LOS ANGELES — The lifeguard captain who helped pull Natalie Wood's body from the water nearly 30 years ago said he believes the actress could have been saved had officials begun a search for her earlier, the Los Angeles Times reported Tuesday.
Former Los Angeles County supervising rescue boat captain Roger Smith told the Times () he was alerted that Wood was missing at 5:11 a.m. on Nov. 29, 1981. That was some four hours after she went missing from a yacht off Santa Catalina Island during a Thanksgiving weekend trip with her husband Robert Wagner and actor Christopher Walken. A lifeguard boat equipped with all the gear needed to conduct a search had been moored about 100 feet away from the yacht the whole time, he said. http://lat.ms/rUJ3VZ
"Based on the condition of her body when we pulled her from the water, I believe she survived for some time in the water and was blown out to sea. She probably cried for help for hours," Smith said in an interview. "I've always believed she could have been saved. Her fingers were still pliable when she was pulled from the water, suggesting she had not been dead for hours."
The Sheriff's Department reopened the death investigation last week, saying the decision was prompted by new information detectives received about the case.
The original investigation concluded that Wood accidentally drowned when she fell into the water while tying up a loose dinghy. But exactly how long she was in the water remains a mystery.
Smith told the Times he hoped the reopening of the investigation will answer lingering questions about why lifeguards were not alerted to Wood's disappearance sooner.
The evening before the drowning, Wood, Wagner and Walken, who was then Wood's co-star in the film "Brainstorm." had dinner at Doug's Harbor Reef restaurant on the island.

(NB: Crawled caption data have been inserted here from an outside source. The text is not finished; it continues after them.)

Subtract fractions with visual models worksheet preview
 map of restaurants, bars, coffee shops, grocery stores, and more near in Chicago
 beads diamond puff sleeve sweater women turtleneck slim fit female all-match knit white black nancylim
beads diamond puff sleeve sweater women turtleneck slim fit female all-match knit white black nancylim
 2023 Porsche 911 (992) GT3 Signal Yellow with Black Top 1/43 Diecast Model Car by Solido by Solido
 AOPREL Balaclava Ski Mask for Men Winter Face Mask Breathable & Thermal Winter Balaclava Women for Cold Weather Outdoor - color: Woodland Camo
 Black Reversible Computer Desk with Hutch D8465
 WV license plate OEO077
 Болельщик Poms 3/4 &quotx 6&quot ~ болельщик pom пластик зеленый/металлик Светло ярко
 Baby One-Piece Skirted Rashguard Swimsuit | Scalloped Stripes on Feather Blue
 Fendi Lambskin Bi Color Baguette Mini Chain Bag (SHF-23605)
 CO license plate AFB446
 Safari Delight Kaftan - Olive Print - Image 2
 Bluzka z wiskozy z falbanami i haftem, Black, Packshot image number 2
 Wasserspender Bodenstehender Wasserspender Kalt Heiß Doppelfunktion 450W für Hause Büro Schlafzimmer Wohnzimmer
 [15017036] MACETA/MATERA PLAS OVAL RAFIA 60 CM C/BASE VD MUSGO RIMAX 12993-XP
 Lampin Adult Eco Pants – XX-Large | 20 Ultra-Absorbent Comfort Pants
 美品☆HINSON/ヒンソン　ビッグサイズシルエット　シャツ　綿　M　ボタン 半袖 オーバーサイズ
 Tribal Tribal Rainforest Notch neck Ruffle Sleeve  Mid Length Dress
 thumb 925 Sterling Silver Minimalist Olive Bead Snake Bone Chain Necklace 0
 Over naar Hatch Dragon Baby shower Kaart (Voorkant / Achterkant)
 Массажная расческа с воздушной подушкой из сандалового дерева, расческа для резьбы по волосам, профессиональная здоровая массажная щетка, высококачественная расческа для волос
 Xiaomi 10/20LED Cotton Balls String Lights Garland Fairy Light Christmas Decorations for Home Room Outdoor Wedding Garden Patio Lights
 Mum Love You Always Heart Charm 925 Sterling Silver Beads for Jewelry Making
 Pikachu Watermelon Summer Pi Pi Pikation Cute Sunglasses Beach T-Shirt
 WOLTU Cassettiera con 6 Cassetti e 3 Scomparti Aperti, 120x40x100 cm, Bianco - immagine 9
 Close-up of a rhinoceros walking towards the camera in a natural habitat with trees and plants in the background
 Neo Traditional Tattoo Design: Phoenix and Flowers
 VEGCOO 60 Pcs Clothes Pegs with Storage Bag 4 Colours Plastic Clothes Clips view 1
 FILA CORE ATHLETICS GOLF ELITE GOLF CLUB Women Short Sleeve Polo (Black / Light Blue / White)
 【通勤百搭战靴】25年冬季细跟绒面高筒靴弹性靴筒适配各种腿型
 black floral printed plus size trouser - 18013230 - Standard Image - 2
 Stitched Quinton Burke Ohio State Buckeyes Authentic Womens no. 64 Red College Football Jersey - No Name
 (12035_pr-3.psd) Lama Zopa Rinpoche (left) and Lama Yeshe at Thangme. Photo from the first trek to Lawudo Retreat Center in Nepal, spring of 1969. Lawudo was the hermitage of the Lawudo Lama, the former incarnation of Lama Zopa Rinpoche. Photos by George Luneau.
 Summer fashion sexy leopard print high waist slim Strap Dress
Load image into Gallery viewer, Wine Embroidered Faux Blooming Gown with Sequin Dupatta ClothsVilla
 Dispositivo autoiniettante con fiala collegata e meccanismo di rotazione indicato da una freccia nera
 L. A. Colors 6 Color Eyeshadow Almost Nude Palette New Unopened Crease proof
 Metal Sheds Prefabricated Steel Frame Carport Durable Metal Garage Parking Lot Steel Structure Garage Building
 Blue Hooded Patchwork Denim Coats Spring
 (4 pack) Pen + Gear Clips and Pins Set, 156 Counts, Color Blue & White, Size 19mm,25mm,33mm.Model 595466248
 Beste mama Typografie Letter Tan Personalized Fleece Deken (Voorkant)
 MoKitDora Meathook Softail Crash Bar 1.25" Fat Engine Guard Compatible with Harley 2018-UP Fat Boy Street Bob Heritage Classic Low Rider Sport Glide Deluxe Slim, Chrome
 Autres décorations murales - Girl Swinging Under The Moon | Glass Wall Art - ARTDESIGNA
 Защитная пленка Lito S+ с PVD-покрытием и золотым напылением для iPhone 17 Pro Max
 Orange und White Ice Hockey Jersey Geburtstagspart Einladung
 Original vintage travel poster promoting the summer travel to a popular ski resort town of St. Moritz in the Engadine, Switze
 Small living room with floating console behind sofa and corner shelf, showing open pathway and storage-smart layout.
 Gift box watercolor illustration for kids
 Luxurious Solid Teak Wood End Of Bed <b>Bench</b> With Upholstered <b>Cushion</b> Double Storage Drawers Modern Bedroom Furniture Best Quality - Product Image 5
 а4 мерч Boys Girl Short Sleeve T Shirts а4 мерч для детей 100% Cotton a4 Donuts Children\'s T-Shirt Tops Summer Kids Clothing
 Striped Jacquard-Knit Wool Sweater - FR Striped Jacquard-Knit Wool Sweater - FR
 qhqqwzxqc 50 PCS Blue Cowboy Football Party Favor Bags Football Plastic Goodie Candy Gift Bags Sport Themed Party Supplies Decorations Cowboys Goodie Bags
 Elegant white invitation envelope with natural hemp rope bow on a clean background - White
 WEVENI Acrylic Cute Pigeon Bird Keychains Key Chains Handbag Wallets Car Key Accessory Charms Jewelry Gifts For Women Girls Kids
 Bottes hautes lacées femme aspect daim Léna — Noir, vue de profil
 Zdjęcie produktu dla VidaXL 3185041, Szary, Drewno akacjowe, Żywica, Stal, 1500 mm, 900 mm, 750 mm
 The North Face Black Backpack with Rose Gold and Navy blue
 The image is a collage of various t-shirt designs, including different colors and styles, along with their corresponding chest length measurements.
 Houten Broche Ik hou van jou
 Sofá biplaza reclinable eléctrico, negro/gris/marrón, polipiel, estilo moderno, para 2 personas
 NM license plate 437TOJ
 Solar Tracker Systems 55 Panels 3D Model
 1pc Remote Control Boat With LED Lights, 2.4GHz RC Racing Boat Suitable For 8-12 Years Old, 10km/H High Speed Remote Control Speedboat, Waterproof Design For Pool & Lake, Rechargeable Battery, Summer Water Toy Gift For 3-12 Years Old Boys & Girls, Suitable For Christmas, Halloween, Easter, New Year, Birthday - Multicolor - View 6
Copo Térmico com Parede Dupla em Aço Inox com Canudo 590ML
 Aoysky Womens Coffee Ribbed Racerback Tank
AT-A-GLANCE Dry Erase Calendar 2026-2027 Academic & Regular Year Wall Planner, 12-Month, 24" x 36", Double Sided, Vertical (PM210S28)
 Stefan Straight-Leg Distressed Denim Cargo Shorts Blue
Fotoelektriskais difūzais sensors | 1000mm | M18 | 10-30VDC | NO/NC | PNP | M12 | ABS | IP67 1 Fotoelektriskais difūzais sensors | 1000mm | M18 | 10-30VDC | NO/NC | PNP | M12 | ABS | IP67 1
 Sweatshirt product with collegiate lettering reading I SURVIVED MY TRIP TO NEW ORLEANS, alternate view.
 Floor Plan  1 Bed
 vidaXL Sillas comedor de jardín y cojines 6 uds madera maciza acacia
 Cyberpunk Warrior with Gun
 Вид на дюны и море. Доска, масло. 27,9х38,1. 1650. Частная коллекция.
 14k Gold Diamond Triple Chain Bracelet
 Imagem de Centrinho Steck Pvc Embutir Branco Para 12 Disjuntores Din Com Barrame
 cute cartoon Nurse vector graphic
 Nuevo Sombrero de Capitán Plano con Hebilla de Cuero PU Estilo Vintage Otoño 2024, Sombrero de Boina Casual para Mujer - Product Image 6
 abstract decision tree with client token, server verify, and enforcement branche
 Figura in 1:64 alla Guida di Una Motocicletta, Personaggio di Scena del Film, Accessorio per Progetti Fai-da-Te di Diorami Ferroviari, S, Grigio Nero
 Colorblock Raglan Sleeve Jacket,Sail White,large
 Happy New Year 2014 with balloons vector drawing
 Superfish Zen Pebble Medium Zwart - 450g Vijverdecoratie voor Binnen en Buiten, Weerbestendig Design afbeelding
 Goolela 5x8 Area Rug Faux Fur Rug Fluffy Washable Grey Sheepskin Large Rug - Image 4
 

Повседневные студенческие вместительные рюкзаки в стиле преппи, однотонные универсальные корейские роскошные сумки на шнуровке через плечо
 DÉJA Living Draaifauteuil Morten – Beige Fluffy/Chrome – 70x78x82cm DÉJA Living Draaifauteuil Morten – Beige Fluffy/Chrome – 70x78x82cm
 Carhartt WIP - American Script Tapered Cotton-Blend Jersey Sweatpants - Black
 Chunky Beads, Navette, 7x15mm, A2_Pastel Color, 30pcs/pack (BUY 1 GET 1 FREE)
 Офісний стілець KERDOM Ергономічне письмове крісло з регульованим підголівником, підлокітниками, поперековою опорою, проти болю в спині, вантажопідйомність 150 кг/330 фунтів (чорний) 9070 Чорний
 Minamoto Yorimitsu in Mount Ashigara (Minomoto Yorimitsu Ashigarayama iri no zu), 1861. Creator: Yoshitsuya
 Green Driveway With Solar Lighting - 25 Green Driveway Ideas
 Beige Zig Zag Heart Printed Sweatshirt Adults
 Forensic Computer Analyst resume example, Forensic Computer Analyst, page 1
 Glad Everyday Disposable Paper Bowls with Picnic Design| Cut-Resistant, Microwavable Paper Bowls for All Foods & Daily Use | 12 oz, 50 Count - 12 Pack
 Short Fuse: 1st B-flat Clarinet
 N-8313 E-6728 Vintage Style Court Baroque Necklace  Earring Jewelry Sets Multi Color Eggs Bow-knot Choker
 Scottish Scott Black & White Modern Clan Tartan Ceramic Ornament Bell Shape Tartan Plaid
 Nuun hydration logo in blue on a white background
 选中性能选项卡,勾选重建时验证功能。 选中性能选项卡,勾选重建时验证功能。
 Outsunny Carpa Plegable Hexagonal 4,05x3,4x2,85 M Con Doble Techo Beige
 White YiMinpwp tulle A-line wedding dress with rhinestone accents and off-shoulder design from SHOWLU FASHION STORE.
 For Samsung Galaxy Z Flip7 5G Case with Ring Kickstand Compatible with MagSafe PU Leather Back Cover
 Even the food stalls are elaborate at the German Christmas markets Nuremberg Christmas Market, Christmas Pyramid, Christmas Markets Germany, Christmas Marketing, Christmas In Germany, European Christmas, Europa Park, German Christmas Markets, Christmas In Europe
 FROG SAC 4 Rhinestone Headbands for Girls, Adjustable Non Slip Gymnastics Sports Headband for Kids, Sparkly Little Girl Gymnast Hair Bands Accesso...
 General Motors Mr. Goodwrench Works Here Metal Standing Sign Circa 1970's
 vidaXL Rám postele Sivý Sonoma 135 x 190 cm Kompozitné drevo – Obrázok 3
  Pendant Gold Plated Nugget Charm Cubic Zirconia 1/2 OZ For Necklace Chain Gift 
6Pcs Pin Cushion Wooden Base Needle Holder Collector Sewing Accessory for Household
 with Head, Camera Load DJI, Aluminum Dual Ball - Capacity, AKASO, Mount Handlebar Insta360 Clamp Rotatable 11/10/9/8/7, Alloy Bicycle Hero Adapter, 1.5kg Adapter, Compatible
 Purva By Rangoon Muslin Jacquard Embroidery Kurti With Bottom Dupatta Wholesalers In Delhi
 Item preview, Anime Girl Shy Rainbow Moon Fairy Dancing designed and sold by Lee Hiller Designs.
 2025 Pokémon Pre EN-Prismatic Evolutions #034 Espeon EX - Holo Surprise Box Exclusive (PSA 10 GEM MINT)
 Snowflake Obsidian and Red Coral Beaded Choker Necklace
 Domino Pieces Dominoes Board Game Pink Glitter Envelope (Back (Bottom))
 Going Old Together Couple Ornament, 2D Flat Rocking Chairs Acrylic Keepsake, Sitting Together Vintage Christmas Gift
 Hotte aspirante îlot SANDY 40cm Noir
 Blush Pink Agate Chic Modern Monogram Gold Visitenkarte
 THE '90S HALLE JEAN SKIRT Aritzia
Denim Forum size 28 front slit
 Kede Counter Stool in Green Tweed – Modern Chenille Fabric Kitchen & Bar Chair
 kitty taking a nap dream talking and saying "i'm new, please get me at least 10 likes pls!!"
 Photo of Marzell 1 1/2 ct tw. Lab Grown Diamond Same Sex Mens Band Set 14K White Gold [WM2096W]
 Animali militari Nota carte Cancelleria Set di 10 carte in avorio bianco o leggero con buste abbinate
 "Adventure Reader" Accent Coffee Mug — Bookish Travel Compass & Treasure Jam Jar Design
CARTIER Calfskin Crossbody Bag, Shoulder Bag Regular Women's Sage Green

Later, authorities said they returned to the yacht and had drinks and Wagner and Walken got into an argument.
Later Walken went to bed, according to Wagner, who, after staying up with boat captain Dennis Davern for a while, went looking for his wife and couldn't find her on board. He then noticed that a dinghy attached to the boat – and his wife – were gone.
According to Smith, Wagner told him that Sunday morning that he had spent several hours looking for Wood and had contacted the operator of the small harbor. But Smith said he was perplexed over why it took so long to contact the lifeguards, who could have launched a full search for Wood.
Sheriff's officials have stressed that Wagner is not a suspect in Wood's death. Wagner released a statement last week saying he welcomed the new investigation into the case.